Measurables and Path to the Draft
Weight: 200 pounds
Arm Length: 301/2 inches
Hand Size: 96/8 inches
High School: Whale Branch Early High School
Hometown: Beaufort, South Carolina
Best Game Film: Georgia Tech (2017)
The attribute of being a good tackler usually is not the first quality that comes to mind when scouting a cornerback. Yet, Delaney’s willingness to stick his head into piles will surely endear him to teammates. With 24 solo tackles and 15 assisted tackles, Delaney was a decent fit for a Manny Diaz defense that requires solid tackling to get onto the field.
While there are other players on Miami’s roster that would torch Delaney in a 100-meter dash, the graduate transfer does possess enough speed to stay with wide receivers down the field. His trail technique keeps Delaney close enough to make a play on the receiver or the ball in some scenarios.
When you look at the single interception that Dee Delaney was able to produce, it does not sound as though this is a player who can be a playmaker in an NFL secondary. However, Delaney has the talent to get between intended receivers and the ball. Before his one year at Miami, Delaney has 13 interceptions at The Citadel. It will be up to NFL evaluators whether they feel that his lone season at Miami is indicative of his potential or situation that did not play out in his favor.
While Delaney showcased that he could stay with receivers on deep routes, there were too many instances for ’Canes fans where he was unable to make a play on the ball. Look no further than the Orange Bowl for examples of Delaney being unable to make a play on the ball. While there were times earlier in the season in which the blame could be put on coverage mixups, the benefit of the doubt quickly washed away with Delaney.
However, as he illustrated at the Scouting Combine, Delaney looks like a natural catching the ball. Some subtle tweaks and refinement of his technique could lead to him getting his hands on more passes in his direction.
Graduate transfer from The Citadel who looked overmatched during much of his senior season at Miami. Delaney doesn’t have the suddenness or coverage talent to stick with crafty route runners from the slot while big, fast receivers can beat him down the field. While he’s an aggressive, willing tackler against the run, he may lack the requisite cover talent to make it in the league.

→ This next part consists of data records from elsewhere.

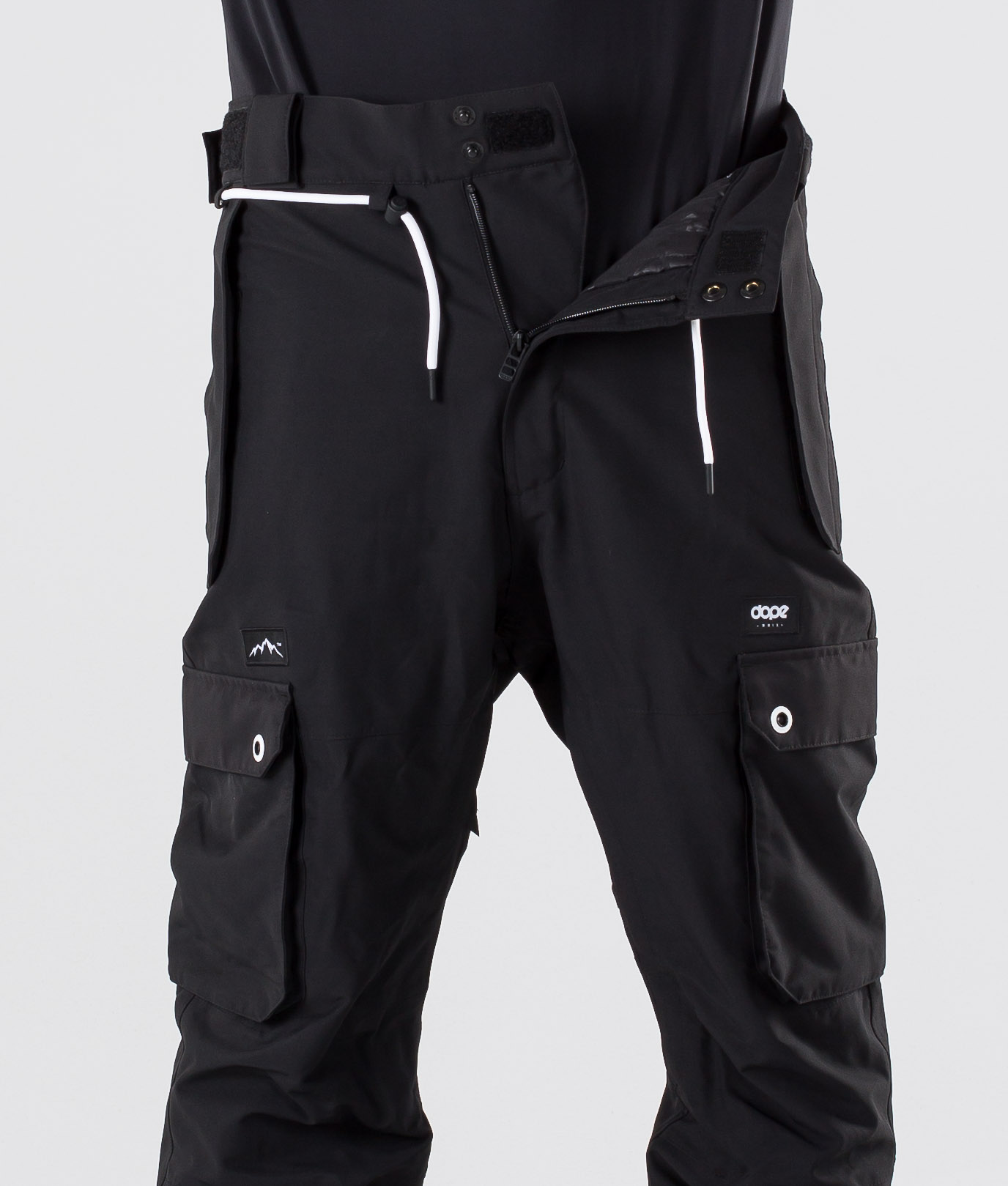 Dope Iconic Snowboard Pants Black
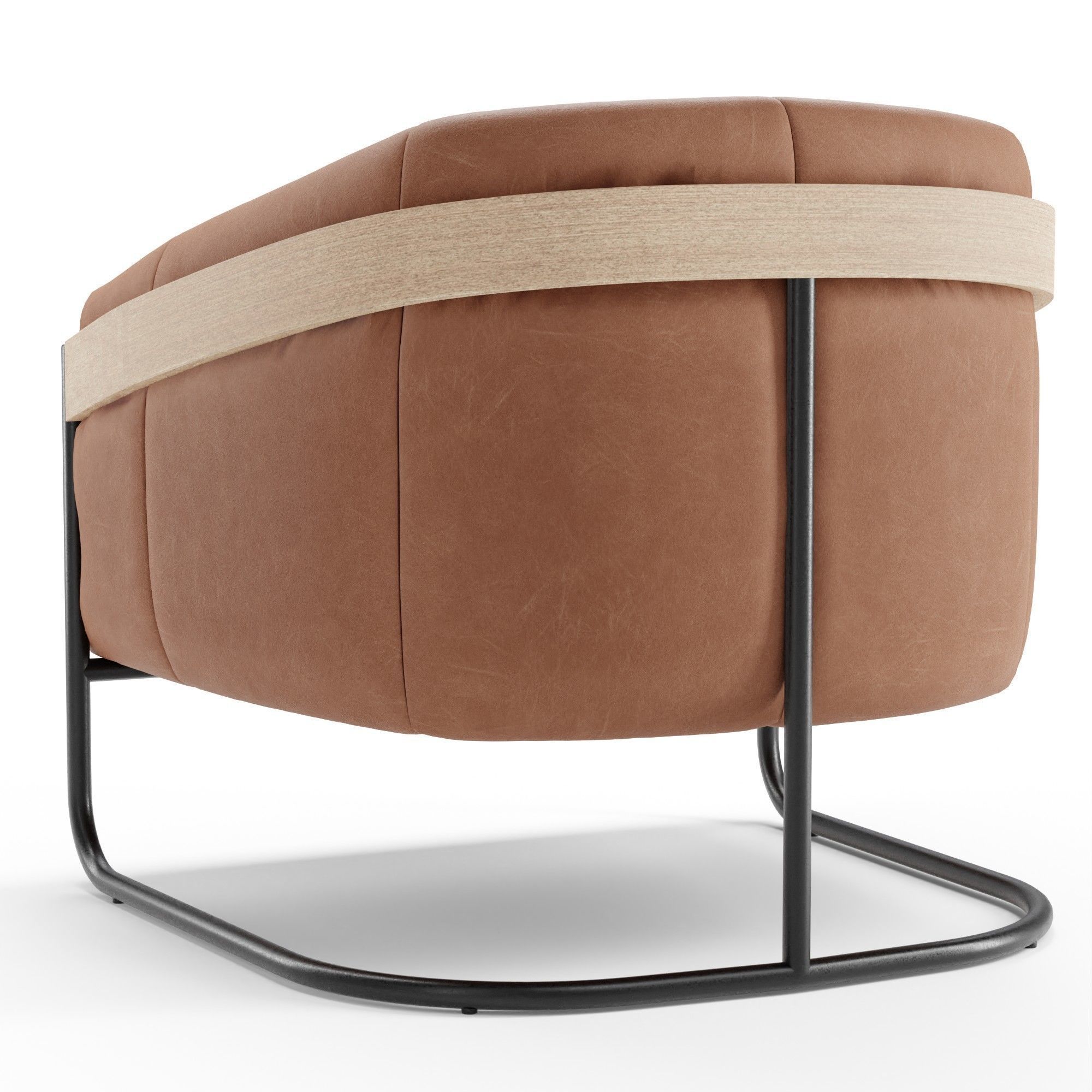 Dansby Lounge Chair 3D model_4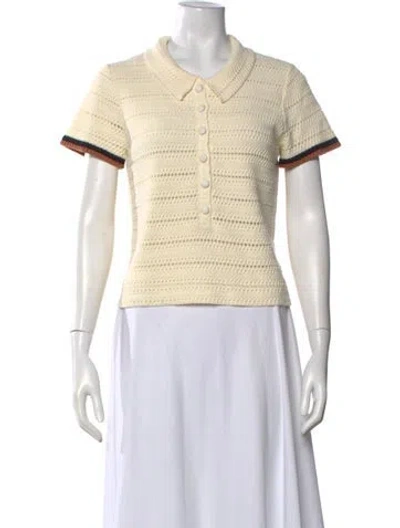 Pre-owned Cara Cara Sweater In Neutral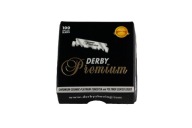 Polovice žiletky Derby Premium, 100 kusov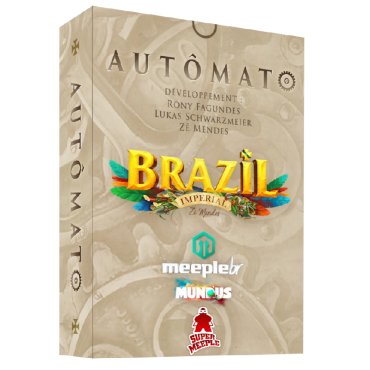 brazil imperial automato boite de jeu 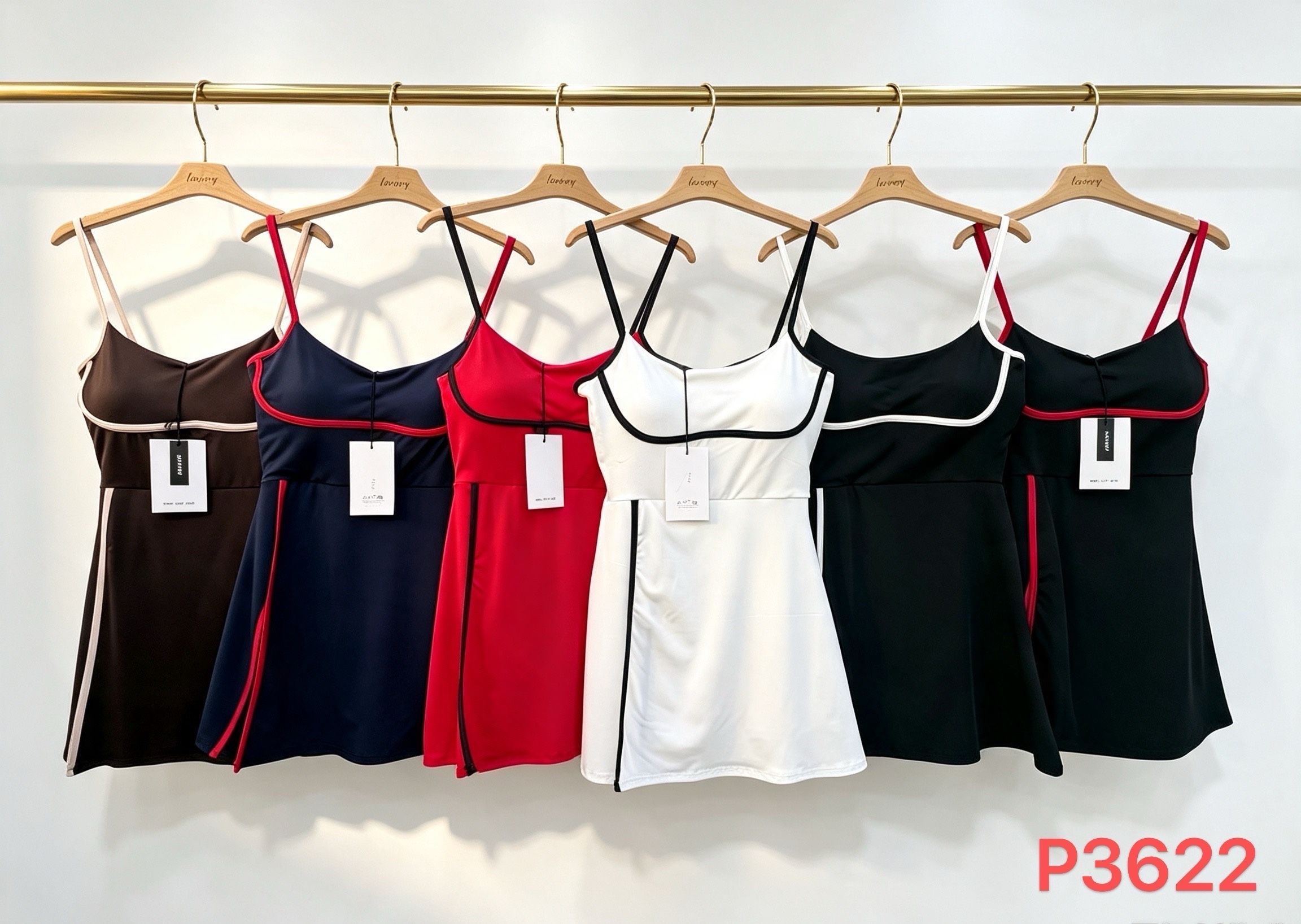 Fitted Mini Slip Dress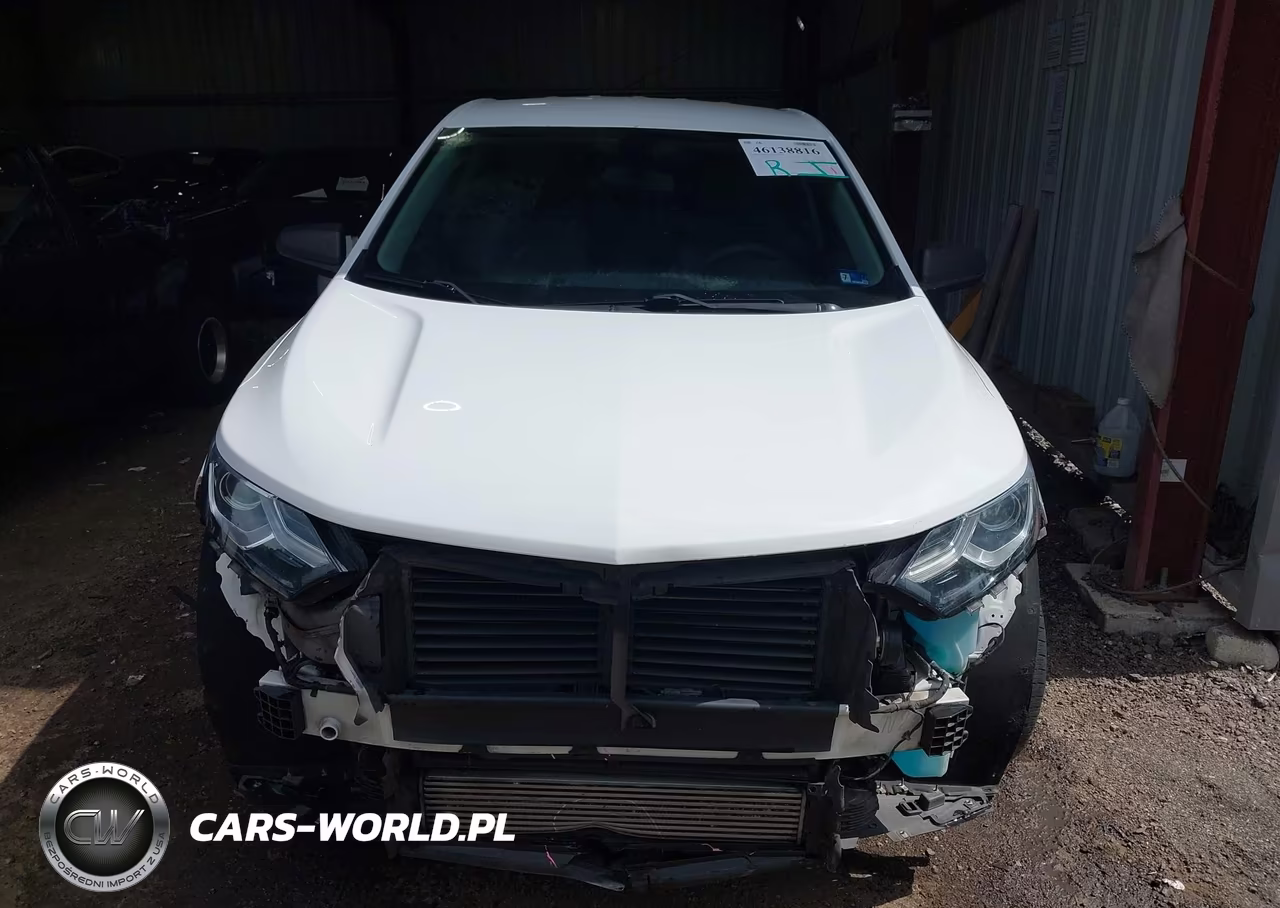2018 Chevrolet Equinox Ls VIN:3GNAXHEV1JS571954 - 13
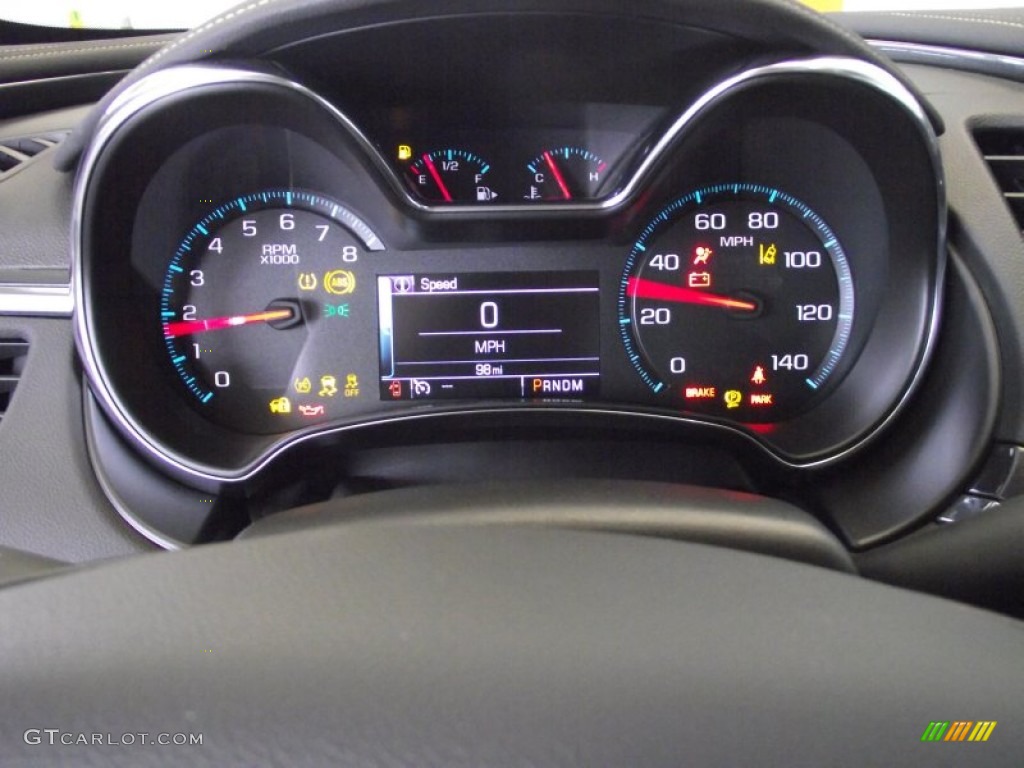 2014 Chevrolet Impala LTZ Gauges Photo #82026400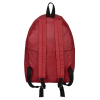 Additional Image 1 - a red backpack with black straps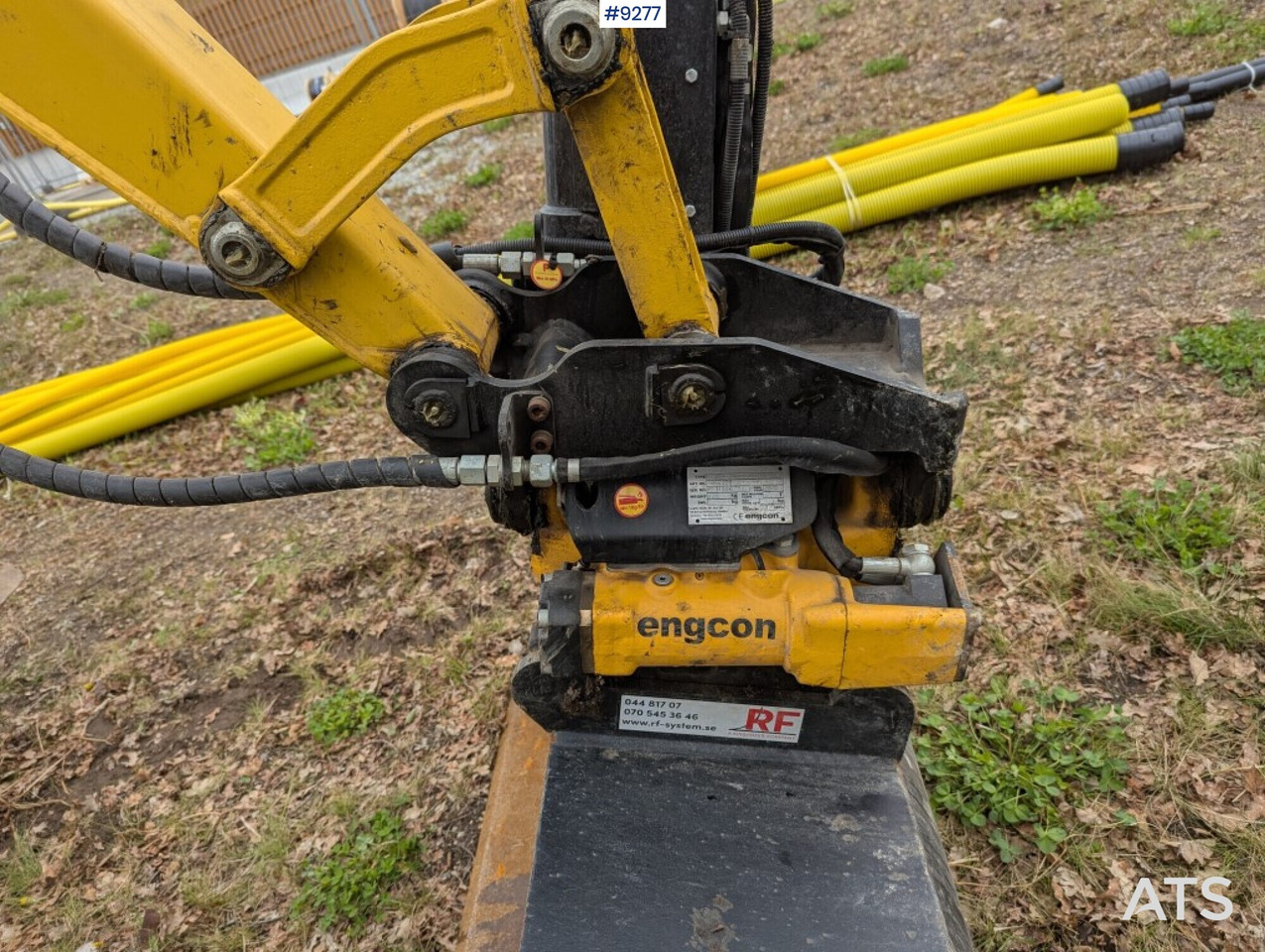 Mini excavator Mini Excavator Komatsu PC26MR (See Video): picture 18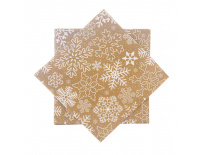 Orion Servírovací ubrousky VLOČKA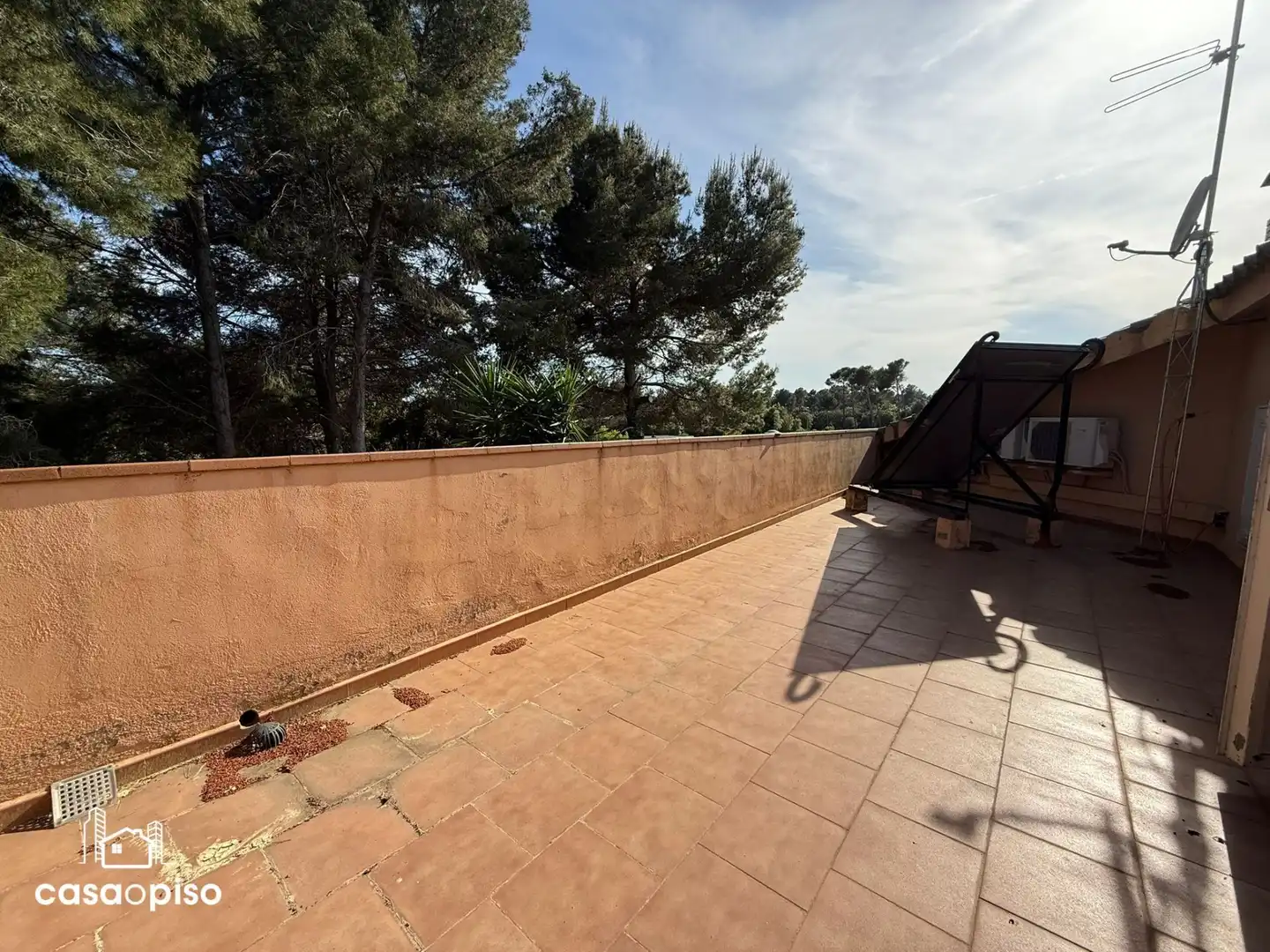 Terraza de Casa o chalet en venta en Sabadell con Aire acondicionado, Calefacción y Jardín privado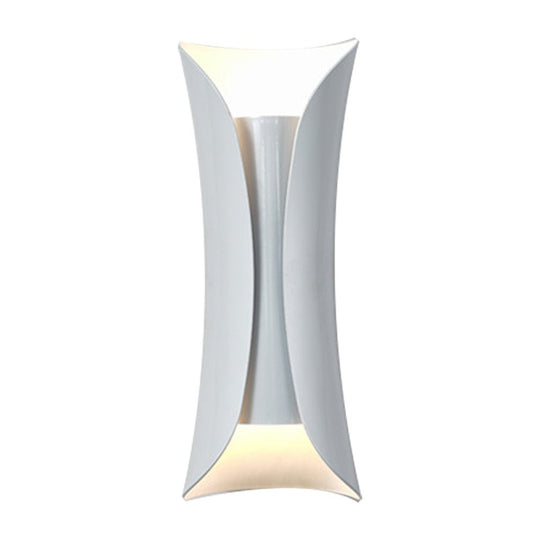Nordic Minimalist LED Wall Sconce for Indoor and Outdoor Use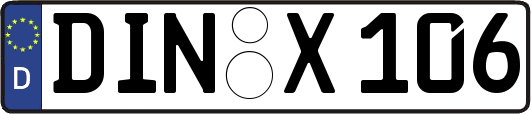 DIN-X106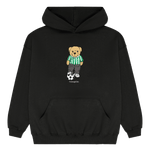 Sudadera "Pacho Bético" - Negro - Pachanga Club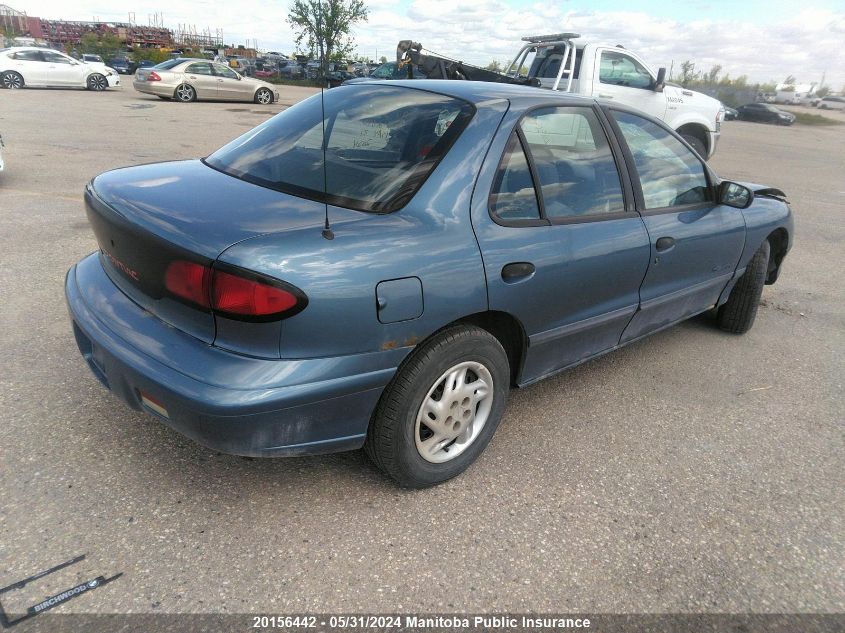 1997 Pontiac Sunfire VIN: 3G2JB5243VS842640 Lot: 20156442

Lance Zierlein NFL.com analyst
The 2017 season did not play out in the same manner as a Disney Film... well, it at least did not start out that way. From the beginning of the season, there were points where Delaney looked out of position, confused and overall flustered with himself and teammates after a breakdown in coverage. At one point, Delaney went from the top of the cornerback depth chart to somewhere on the outskirts, seeing a decrease in snaps as Miami’s younger DBs leapt over him on the depth chart. However, not one to be deterred, Delaney illustrated his resolve, applying himself in practice and during those few snaps to climb back into the top four rotation. Unfortunately, Delaney went down with an unspecified injury after Miami’s game against Florida State. What initially was reported by some sources as a season-ending injury turned out to be about a month’s worth of games, with the redshirt senior cornerback making his way back into the lineup. While Delaney did not start another game for Miami for the remainder of the season, he did see an increase of snaps coming back after the injury.
Delaney could be a case where his pro career exceeds his one season at Miami. His adjustment to FBS competition was not swift; however, he improved as the season progressed. Entering the NFL, he could use some time to acclimate to the speed and nuances of the game. Look for Delaney to contribute immediately as a special teams member. Depending on landing spot, Delaney could work his way into a defensive back rotation this season as he acclimates to the speed and nuances of football at its top level.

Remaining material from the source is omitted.